À l’initiative Katarina von Schnurbein, coordinatrice de la Commission européenne à la lutte contre l’antisémitisme et à la promotion de la vie juive, un forum réunissant plus de 250 organisations impliquées dans ce double combat était organisé à Bruxelles du 1er au 2 avril 2025 afin de leur permettre d’unir leurs efforts et de travailler à de nouvelles actions concrètes dans la lutte contre l’antisémitisme au sein de l’Union européenne.
Quel était l’objectif du Forum de la société civile sur la lutte contre l’antisémitisme et la promotion de la vie juive que vous avez organisé à Bruxelles en avril dernier ?

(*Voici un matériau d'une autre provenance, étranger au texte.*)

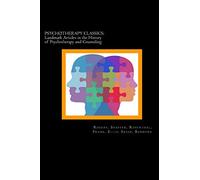 Psychotherapy Classics: Landmark Articles in the History of Psychotherapy and Counseling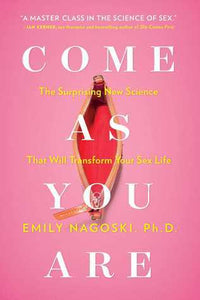 Come as You Are: The Surprising New Science that Will Transform Your Sex Life (Used Paperback) - Emily Nagoski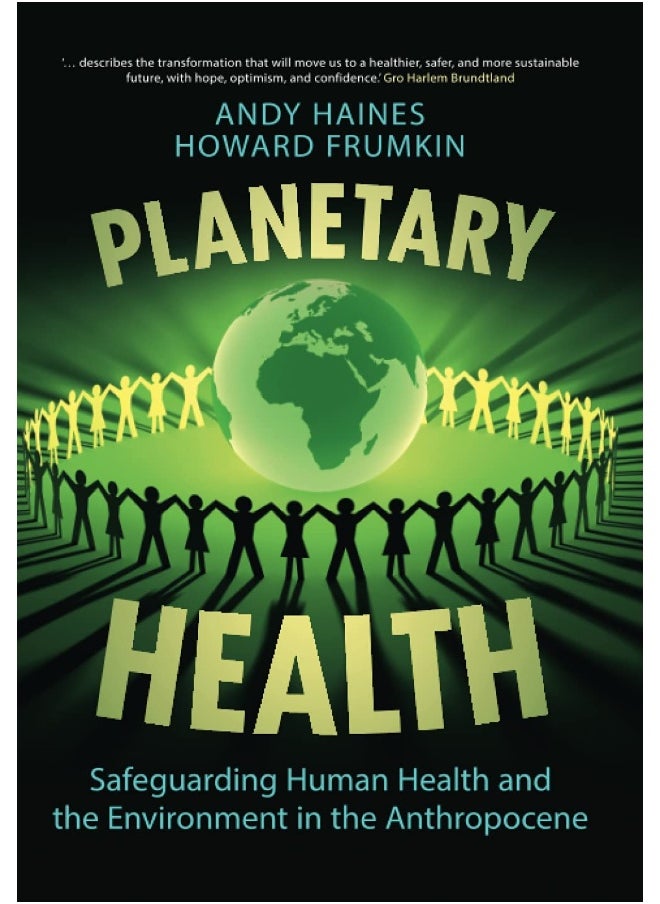 Planetary Health: Safeguarding Human Health and the Environment in the Anthropocene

katarina von schnurbein : C’est le deuxième forum de ce type que nous organisons. Le premier s’est tenu à Bruxelles en novembre 2022. Avec ce forum, la Commission européenne veut permettre la mise en réseau et le développement de projets transeuropéens de lutte contre l’antisémitisme. Après de nombreuses visites effectuées dans les différentes communautés juives d’Europe, j’ai pu constater que de nombreuses organisations juives traitent des mêmes questions sans pour autant savoir que dans d’autres pays de l’Union européenne, des organisations le font aussi en utilisant des méthodes similaires. Il me semblait donc indispensable de créer un espace où toutes ces organisations luttant activement contre l’antisémitisme puissent se rencontrer, partager leurs expériences et établir des liens pour concevoir des projets communs. Et surtout, il s’agissait de leur faire savoir qu’elles ne doivent plus penser qu’elles sont seules à mener ce combat.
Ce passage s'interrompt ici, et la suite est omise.